In the paper “Zero-Shot Reinforcement Learning via Function Encoders” (ICML 2024), I proposed an algorithm for learning basis functions for arbitrary Hilbert spaces. The paper introduces this idea and uses it to achieve zero-shot transfer in hidden-parameter system identification, multi-agent RL, and multi-task RL. However, learning basis functions is far more useful than just these fields. The purpose of this post is to introduce the idea of function encoders while a more detailed discussion on RL can be found in the paper.

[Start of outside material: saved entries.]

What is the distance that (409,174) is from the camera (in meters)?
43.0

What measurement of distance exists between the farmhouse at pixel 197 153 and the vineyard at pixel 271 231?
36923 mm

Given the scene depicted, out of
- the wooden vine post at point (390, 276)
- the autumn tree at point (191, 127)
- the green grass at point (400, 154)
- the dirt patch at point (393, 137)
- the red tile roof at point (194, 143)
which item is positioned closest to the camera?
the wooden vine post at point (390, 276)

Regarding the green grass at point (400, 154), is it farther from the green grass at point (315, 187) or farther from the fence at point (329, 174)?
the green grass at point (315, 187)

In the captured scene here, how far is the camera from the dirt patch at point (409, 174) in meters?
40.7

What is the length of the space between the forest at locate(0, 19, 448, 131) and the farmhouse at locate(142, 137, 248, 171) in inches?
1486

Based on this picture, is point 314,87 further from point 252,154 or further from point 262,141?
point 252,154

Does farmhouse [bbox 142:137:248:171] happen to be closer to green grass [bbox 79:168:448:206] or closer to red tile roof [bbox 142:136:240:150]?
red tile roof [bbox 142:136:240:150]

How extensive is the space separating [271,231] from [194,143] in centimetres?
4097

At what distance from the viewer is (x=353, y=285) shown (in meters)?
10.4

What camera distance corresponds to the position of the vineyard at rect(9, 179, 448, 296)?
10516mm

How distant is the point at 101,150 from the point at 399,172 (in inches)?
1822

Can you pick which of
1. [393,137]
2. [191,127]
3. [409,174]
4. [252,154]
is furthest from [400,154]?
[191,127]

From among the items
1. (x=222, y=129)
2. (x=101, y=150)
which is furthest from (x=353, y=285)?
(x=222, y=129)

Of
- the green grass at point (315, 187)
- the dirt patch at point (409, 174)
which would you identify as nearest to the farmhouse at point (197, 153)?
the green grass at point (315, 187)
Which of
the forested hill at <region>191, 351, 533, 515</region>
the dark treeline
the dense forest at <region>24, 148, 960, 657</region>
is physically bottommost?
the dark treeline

What is Zero-Shot Transfer?

The entire field of machine learning is built around learning a function \(f : \mathcal{X} \to \mathcal{Y}\), where \(\mathcal{X}\) is the input space (IE an image, data on a user, the state of a system) and \(\mathcal{Y}\) is the output space (IE a scalar value, a vector, a probability). Typically a dataset \(\{x_i, f(x_i)\}_{i=1}^N\) is provided, and a neural network \(f_\theta\) is trained via gradient descent so that \(f(x_i)=f_\theta(x_i)\) for all i. Additionally, the hope is that \(f(x) \approx f_\theta(x)\) for any previously unseen \(x\). In other words, the neural network \(f_\theta\) “reproduces” \(f\).

This framework allows Netflix to predict what movies a user will like, allows Cruise to predict the future state of their autonomous vehicle, allows ChatGPT to respond to your questions, and much more. However, this framework does not fully address the messiness of real life. Consider Netflix; Their goal is to predict the rating that a user will give to a particular movie. If Netflix modeled user preferences via a single neural network, they could only predict if the average user would like a particular movie. However, every user has different preferences and their real task is to predict if a given user will like a movie. Furthermore, rather than having a single dataset of \((movie, rating)\) pairs, they have a large number of users and for each user they have a dataset of \((movie, rating)\) pairs. In other words, they have a set of datasets, where each dataset corresponds to a particular user. Their objective is to predict if a particular user will enjoy a movie, given this user’s past preferences for similar movies and the knowledge of what other similar users think. The way to understand this it that every user has an internal function mapping movies to ratings. The challenge of reproducing this function for a new user with limited amounts of data is called zero-shot transfer.

Formalizing Transfer

Consider the set of functions \(\mathcal{F} = \{f \mid f: \mathcal{X} \to \mathcal{Y} \}\). Suppose we have a set of datasets \(\mathcal{D} =\{ D_1, D_2, ...\}\) where \(D_j = \{x_i, f_j(x_i)\}_{i=1}^N\) and \(f_j \in \mathcal{F}\). This could represent the set of datasets that Netflix would have, where each \(D_j\) is data on a particular user. The goal is to learn some sort of model using \(\mathcal{D}\) so that for any unseen function \(f\), we can reproduce \(f\) during “execution” time. Of course, this requires a dataset \(D = \{x_i, f(x_i)\}_{i=1}^N\) to condition the model on at execution time. Returning to our Netflix example, this means Netflix wants to predict if a new user will like some movie given a small dataset of this user’s past preferences.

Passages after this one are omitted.